As regards pension, we think that the respondent would be entitled to the difference between what he should have been paid had he retired normally, and what he was paid by the appellant. In his plaint the respondent claimed shs.876,988.20 as loss of pension.
In his evidence he stated that had he retired normally he would have been paid Kshs.5,013,635.80.
The appellant worked the pension on the basis of an annual salary of K?10,806 and added ?600 housing, and multiplied the total figure by 319 months to get K?7277 as pension. They divided by 500 to get ¼ of the pension, which was paid in cash. After the payment ?5457, shs.15 and 42 cents remained.

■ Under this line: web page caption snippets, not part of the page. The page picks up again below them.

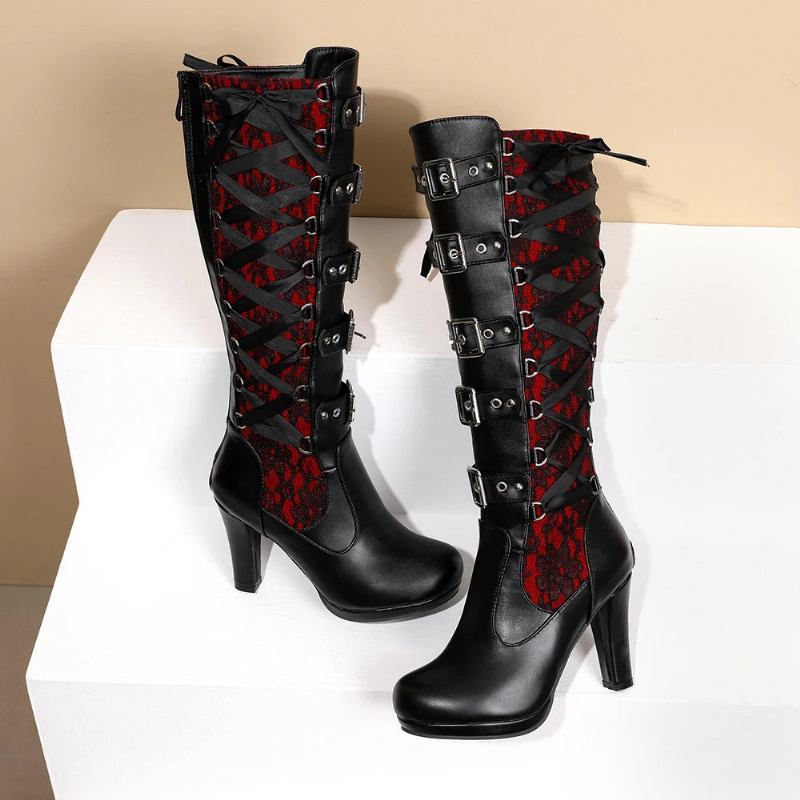 Damen Kniehohe Winterstiefel Mit Gürtelschnalle Warmhalten Spitze Lange Stiefel Gothic Reife Plateau Kniestiefeletten - schwarz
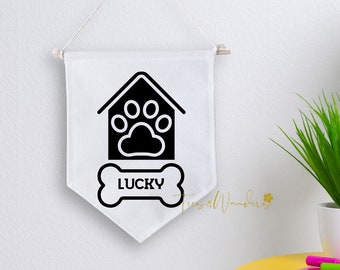 Welcome Door Hanger, Custom Dog Name Decor, Porch Decor Dog Sign, Paw Prints, Dog Bone Name Sign Custom, Puppy Name Sign Pennant Banner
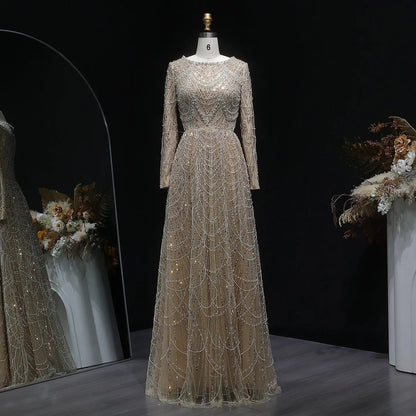 Luxury Green Sequin Beaded Shiny Long Sleeve Evening Dress SS625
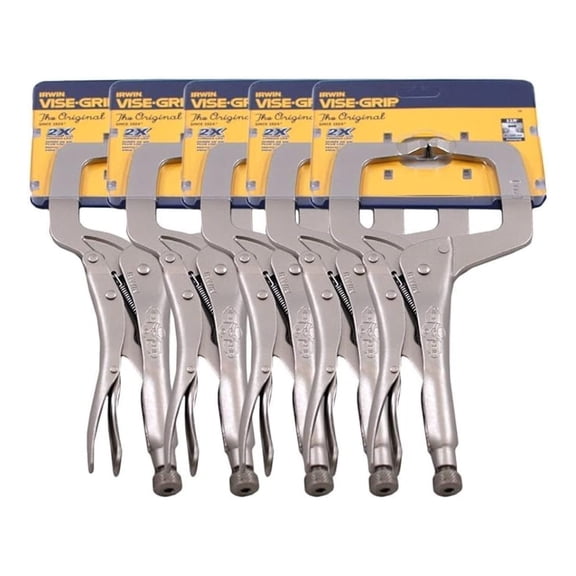 IRWIN Vise Grip 11R 11" C Clamp Locking Regular Tip Easy Release Pliers (5 PACK)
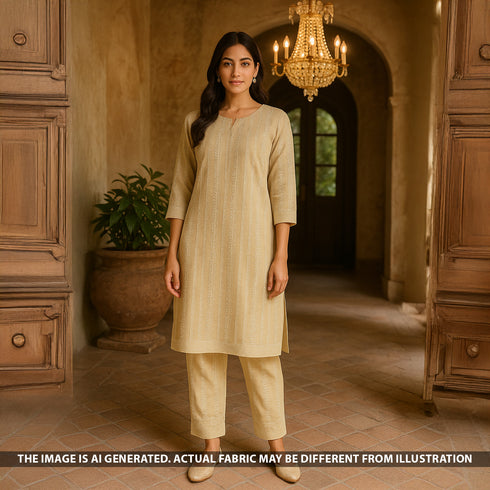 Thread Embroidered Pure Monga Silk Fabric - F5416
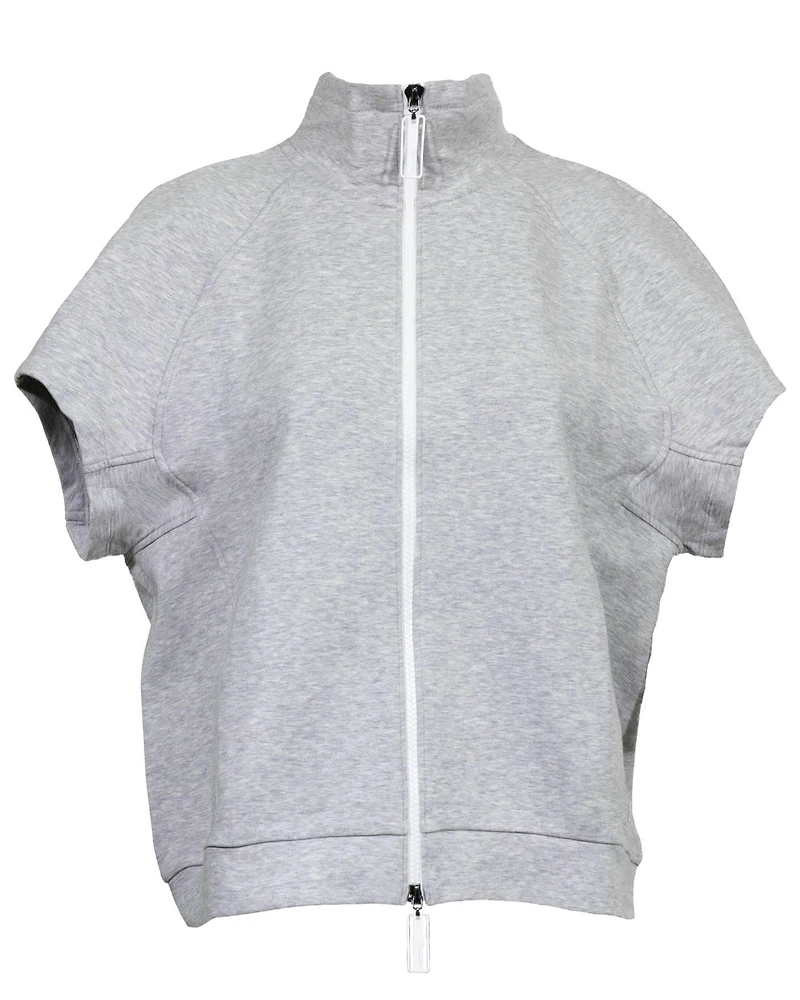 Terry Zip Cap Sleeve Jacket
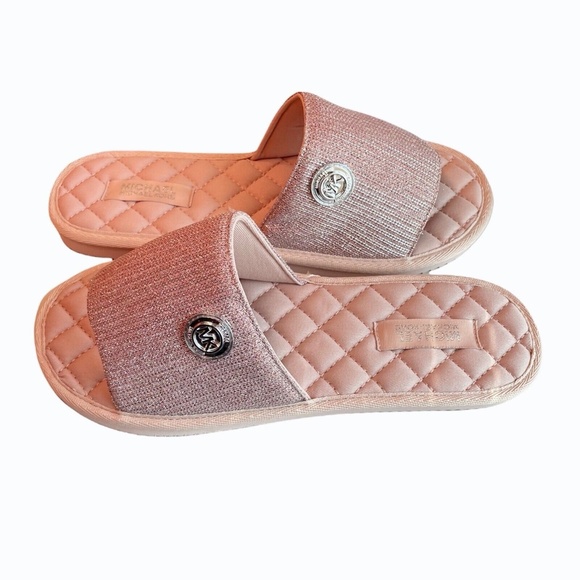 Michael Kors Womens Size 8 Janis Pink Sports MK Logo Slides Sandals - Picture 4 of 8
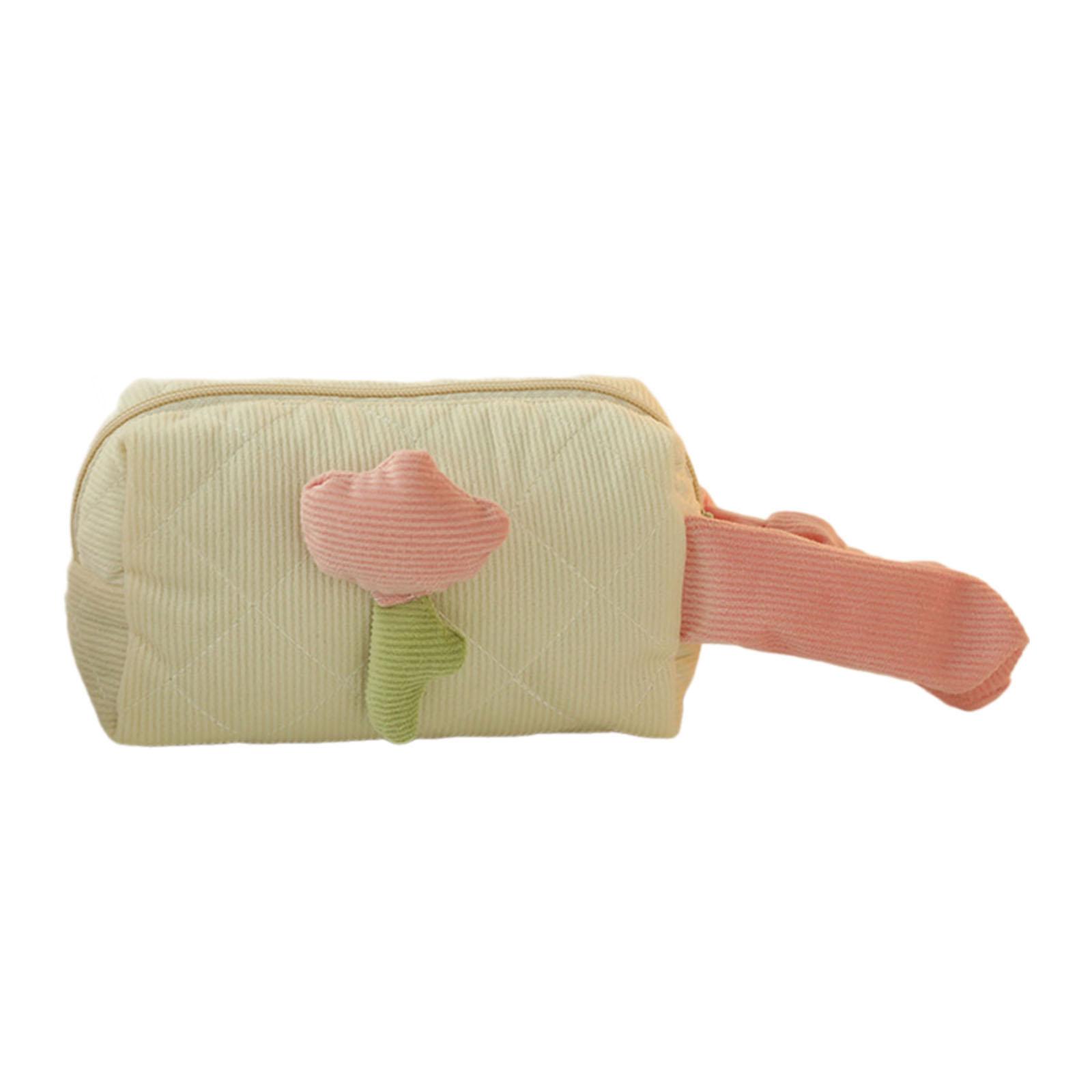 Magideal - Bolsa De Maquillaje De Tulipán, Estuche De Cosméticos, Organizador De Maquillaje De Regalo, Bolsa Bonita, Bolsa De Aseo Portátil Multifunción Con Crem Mango Lateral Beige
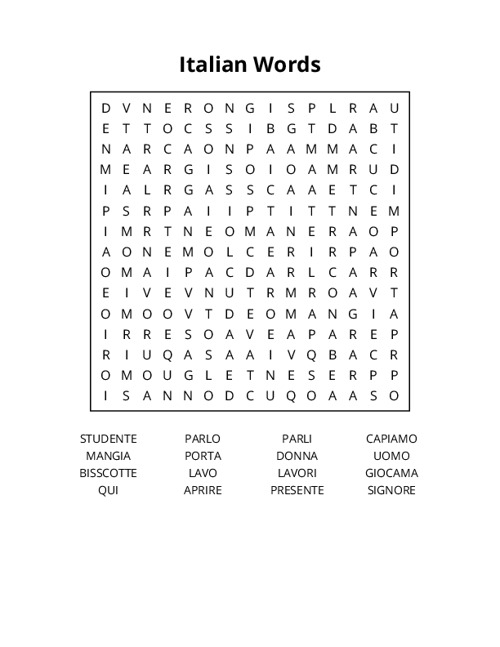 Italian Words Word Search Puzzle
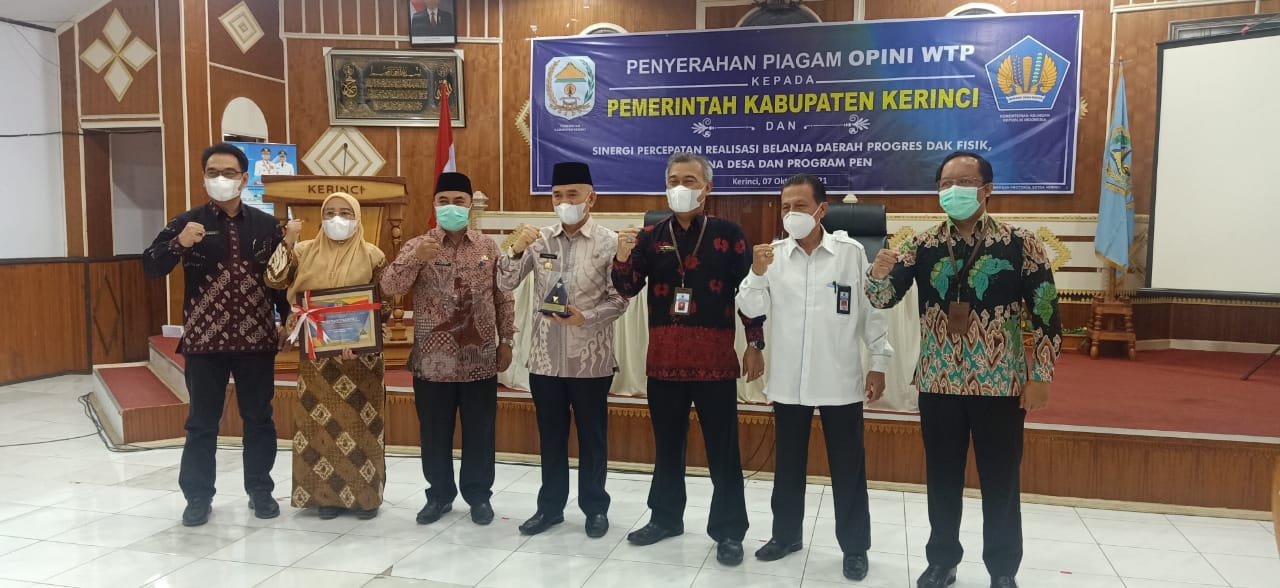 Lagi, Bupati Kerinci Terima Piagam WTP dari Kemenkeu RI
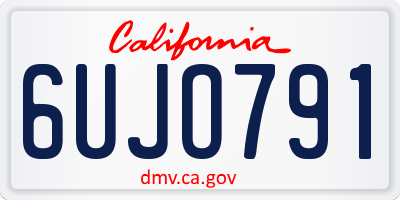 CA license plate 6UJO791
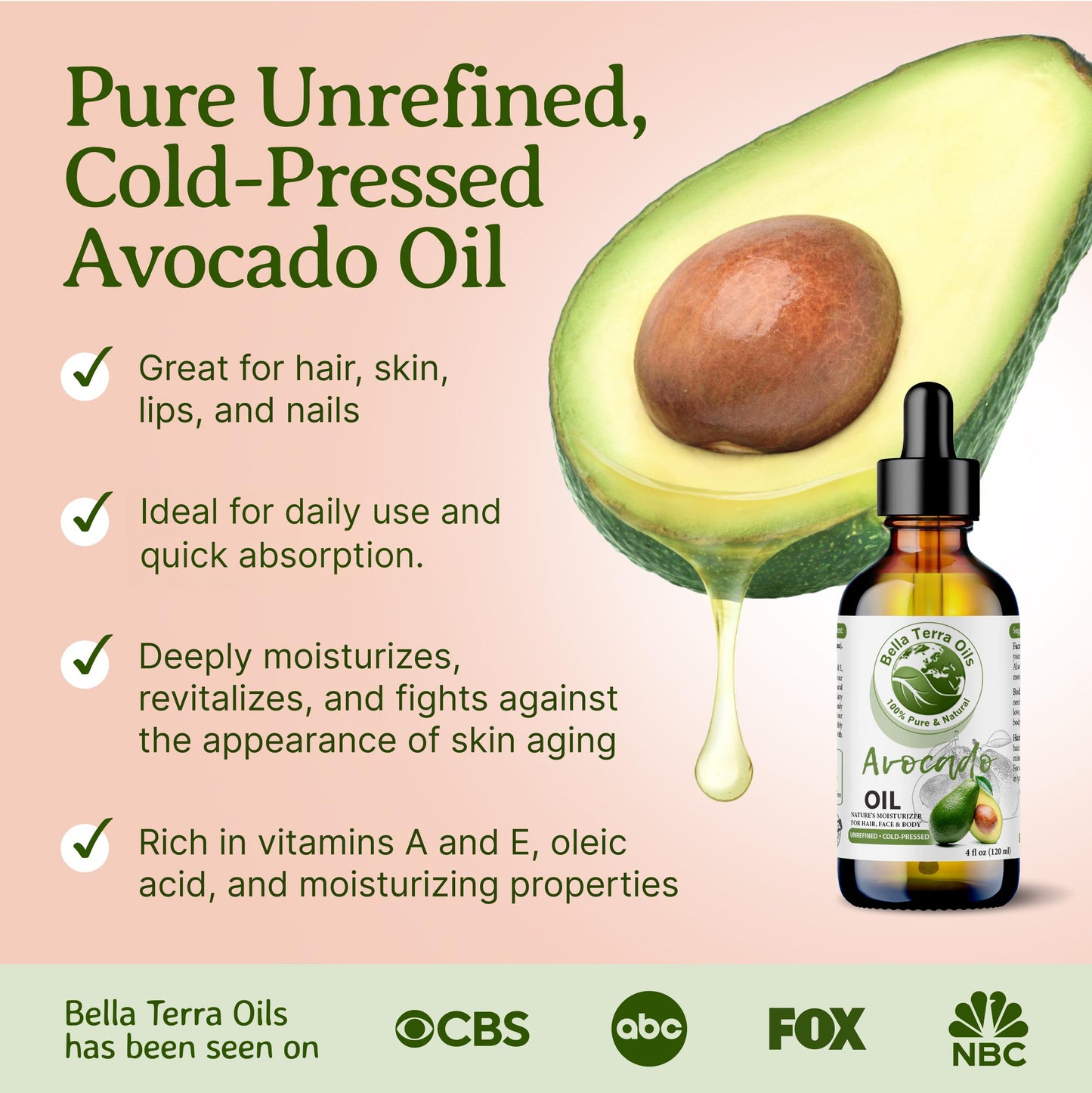 Bella Terra Oils - Avocado Oil 16oz - Cold-Pressed Purity, Unveiling Avocado's Nutritional Treasures, Perfect Carrier Oil for Blending Essentials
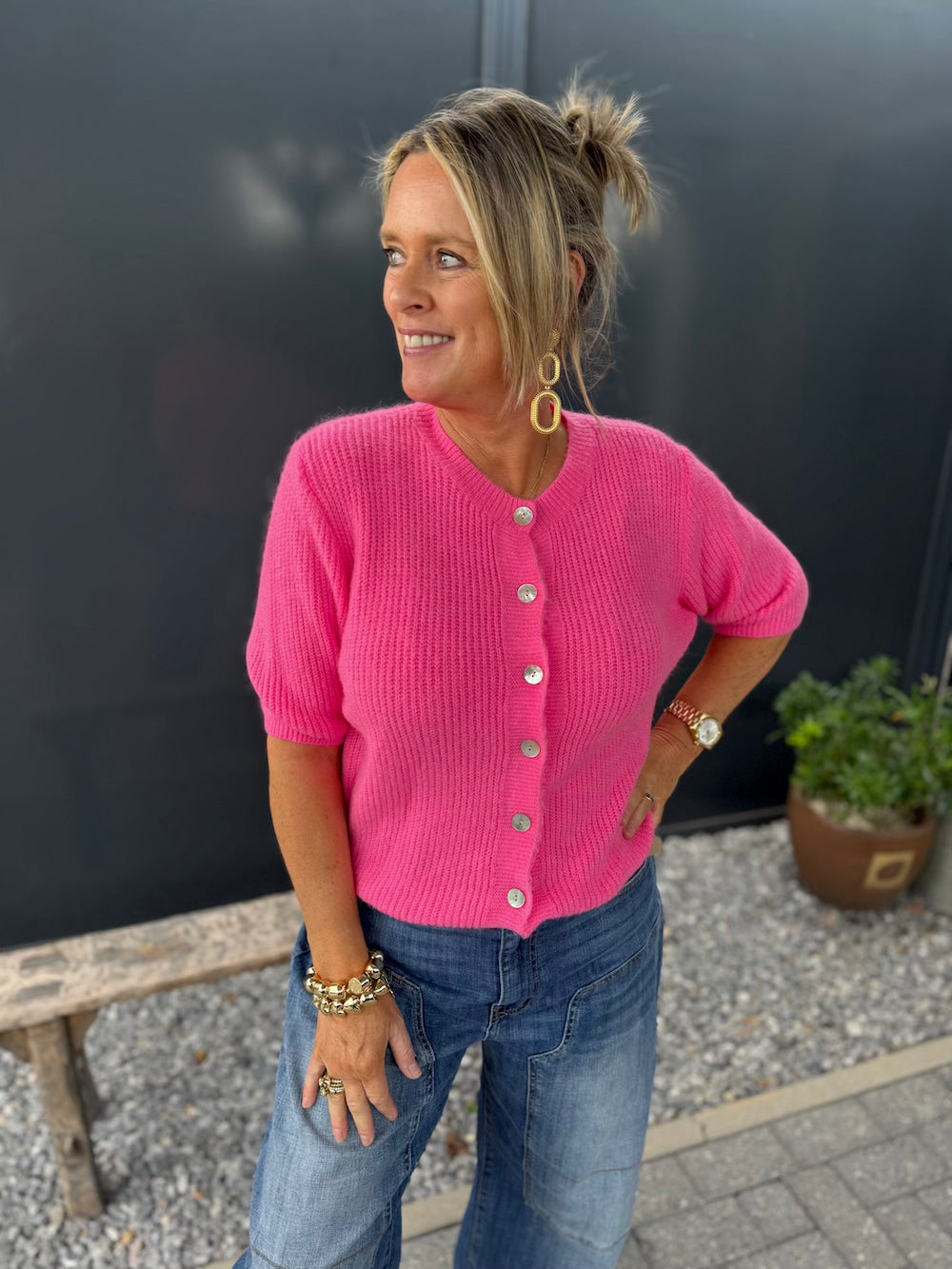 Alpaca vestje korte mouw hotpink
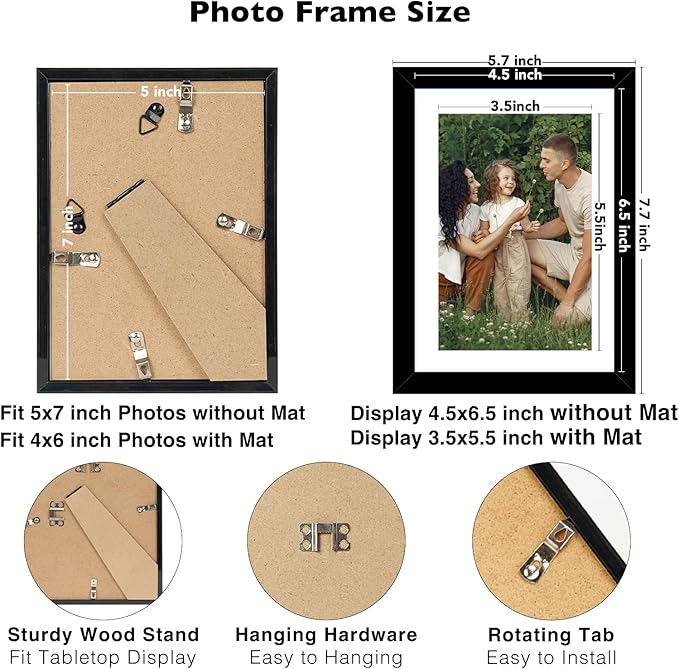 12 Packs 5x7 Picture Frames Bulk, Display 4x6 with Mat or 5x7 Without Mat, Black Gallery Frame Set, 5 by 7 Frames Bulk Set of 12, Collage Wall Decor Photo Frame Set for Wall and Tabletop, Black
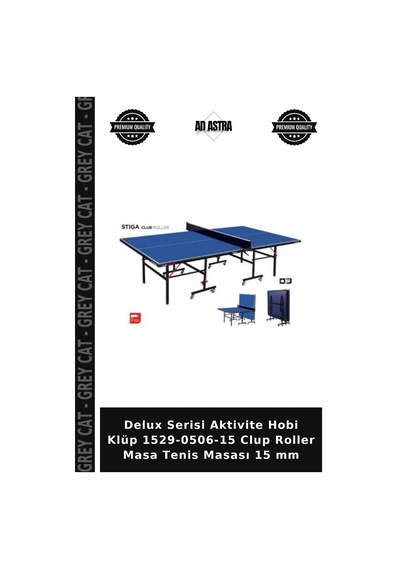 Delux Serisi Aktivite Hobi Klüp 1529-0506-15 Clup Roller Masa Tenis Masası 15 Mm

They then added a gratuity of ?27288 Kshs.17 and 10 cents to bring the total to ?22,7460, Kshs.12 cents 52, which is equivalent to a rounded sum of Kshs.700,000/=.
The respondent did not explain how he arrived at the figure of Kshs.5,013,635.80. In our view therefore the pension loss by the respondent should be worked out on the basis of the number of months he would have worked had he retired at the age of 55 years less what he was paid. As we do not have the figures with us the Deputy Registrar of the superior court with the assistance of the parties to work out the exact sum due on this head.
We set aside the awards on loss of telephone facilities, loss of annual leave, loss of insurance cover and loss of travelling warrants. The superior court judgment is varied to the extent we have indicated above.
The appellant has succeeded in part. However, in view of that and the fact that it provoked the litigation, the order which commends itself to us on the issue of costs is that each party shall bear own costs in this appeal.
Dated and delivered at Nairobi this 25th day of July 2008
JUDGE OF APPEAL
JUDGE OF APPEAL
JUDGE OF APPEAL
I certify that this is a true copy of the original.